Overall Performance:
Callum, first off, let’s take a moment to acknowledge that you finished strong in the 2024 London Hyrox competition! Ranking 294 overall puts you in the top 93% of competitors, which is no small feat—so give yourself a pat on the back! 🏆 Your overall time of 01:45:11 shows a solid effort, but there are definitely some areas we can fine-tune to boost that performance even further.

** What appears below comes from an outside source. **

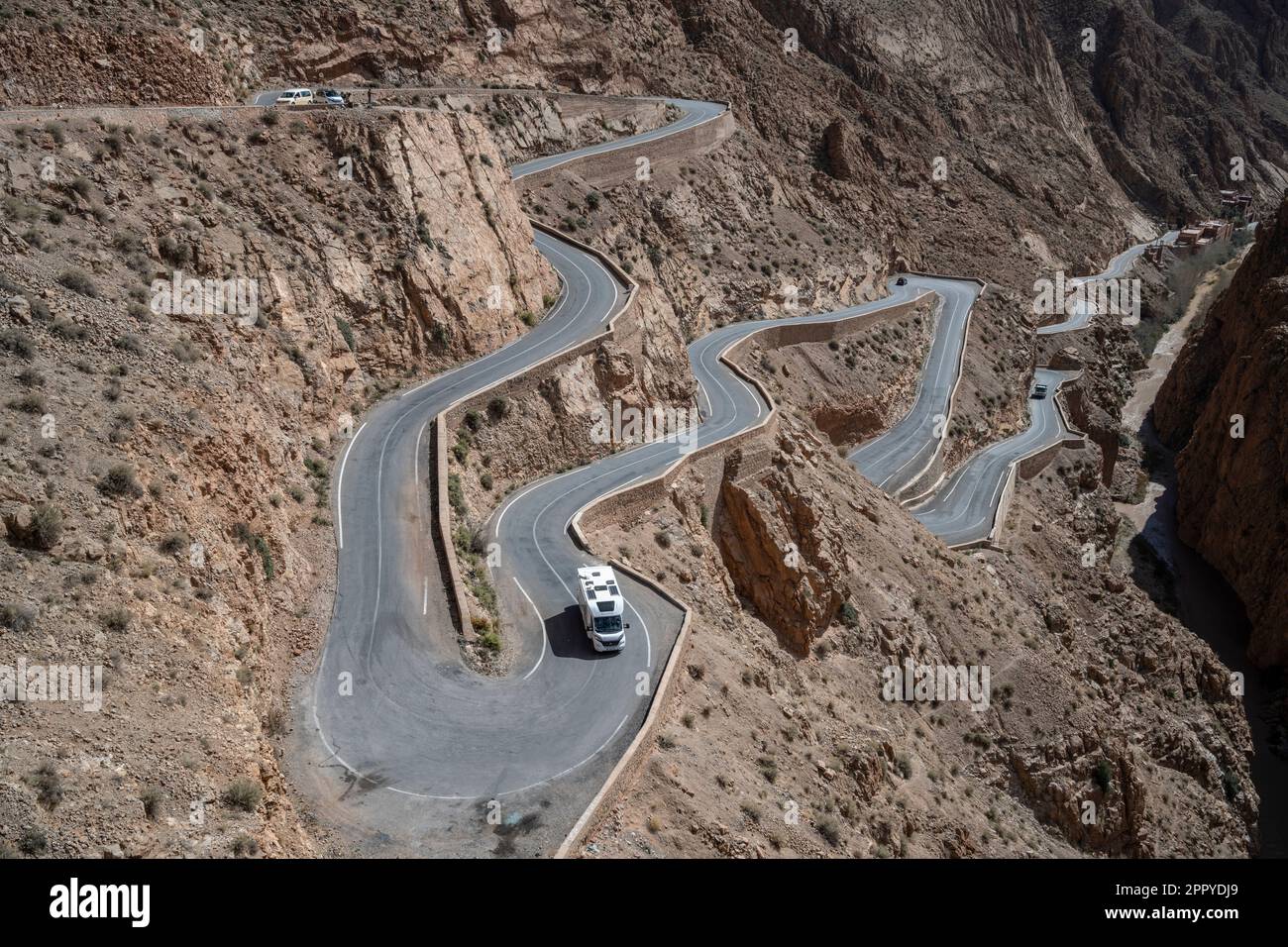 Gewundene Straße neben der Dades-Schlucht. Stockfoto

Now, looking at your pacing, it seems you started off a bit too slowly during the Running 1 segment. This set the tone for your total running time, which clocked in at 00:48:28—about 13 seconds slower than average. It’s clear you’ve got the strength to pull through the obstacles, especially with impressive splits in the Ski Erg and Sled Pull, but your running profile indicates a need for improvement in your speed. You’re more of a strength athlete, and while you’ve got a solid base, let’s focus on your running to complement those powerful skills.
Segments to Improve:
Now, let’s dissect those segments that really need some love:
- Burpees Broad Jump (00:07:12): You were 1:19 slower than average here. Burpees can be a real killer! To improve, focus on your form—keep your hips low and push through your heels. Try these drills:
- Burpee Box Jumps: Incorporate box jumps to build explosive power and speed.
- Plyometric Burpees: Add a jump at the end to increase intensity.

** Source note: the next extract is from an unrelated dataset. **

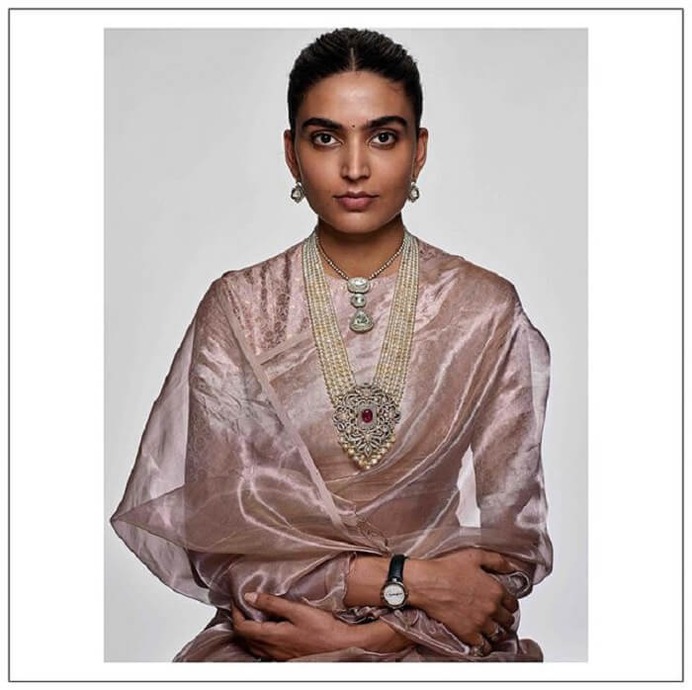 string-necklace-with-silver-pendant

- Wall Balls (00:10:07): This segment took 46 seconds longer than average. This is where you really need to refine your technique. Focus on:
- Target Practice: Aim for a consistent height on your throws, and practice with lighter balls to improve speed.
- Speed Sets: Do 20 reps as fast as possible, then rest for 30 seconds. Repeat for 5 sets.

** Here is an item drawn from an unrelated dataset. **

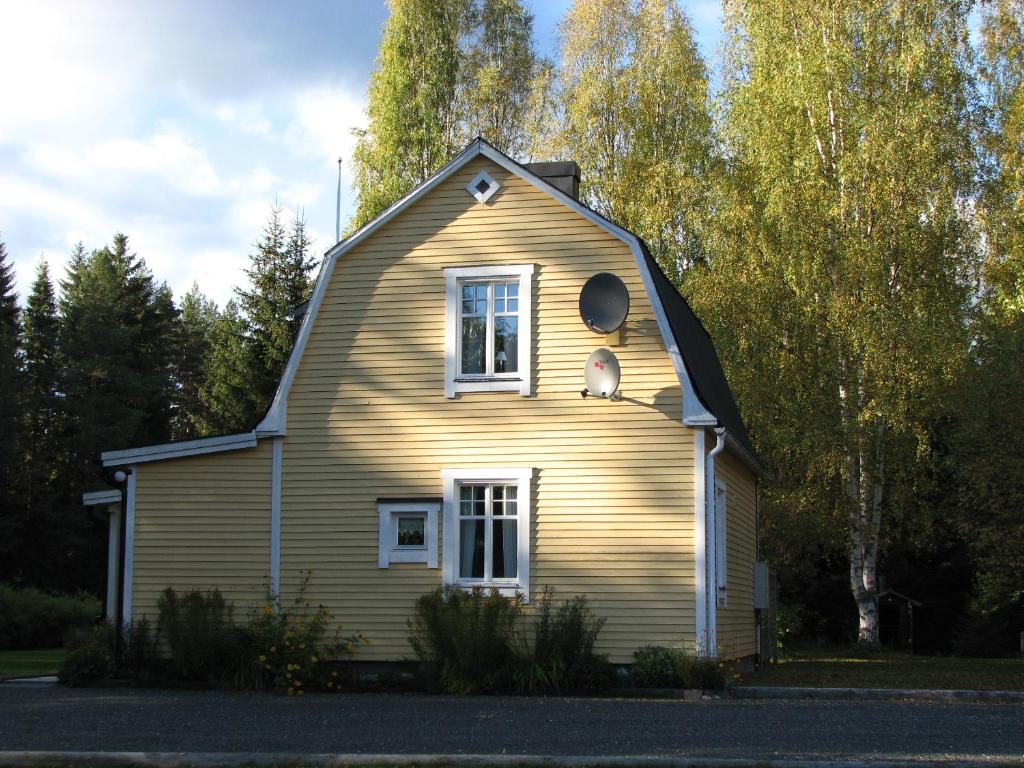 a yellow house with a window on the side of it at Stuga på Brattmon in Sysslebäck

- Running Segments: Your pacing in the first run (00:06:47) was particularly slow (01:55 slower than average). It’s crucial to find your rhythm early on. Try:
- Paced Intervals: Incorporate interval training where you run at a faster pace for a set distance followed by a recovery jog.
- Negative Split Runs: Practice running the second half of your workout faster than the first half.
Race Strategies:
Now that we’ve identified the segments to improve, let’s talk strategy:
- Start Strong: Don’t hold back on your first run. Set a sustainable but challenging pace from the get-go. As Goggins says, "You’re not going to find your limits until you push yourself." Find that edge!
- Transition Time (Roxzone): You spent 8:20 in the Roxzone, which can be improved. Focus on quicker transitions by practicing moving from one exercise to another in training. Set a timer and challenge yourself to minimize downtime.
- Breath Control: Use your breath to manage fatigue during the Wall Balls and Burpees. Inhale deeply on the way down and exhale with power as you push up—this can help maintain your energy levels.
Conclusion:
Callum, you’ve laid a fantastic foundation with your performance, and I see a lot of potential for improvement. Remember, every second counts in a Hyrox race, and those little tweaks can add up to big gains! 💥 Keep pushing yourself, embrace the grind, and don’t shy away from discomfort. As Jocko Willink says, “Discipline equals freedom.” Your next race can be even better than this one if you commit to the process.
So, grab that burpee box, throw on your running shoes, and let’s turn those weak spots into powerhouses! You’ve got this, and I’m here to coach you every step of the way. Let’s make the next race the one where you crush your goals! 💪
Keep hustling, Callum. The Rox-Coach is in your corner!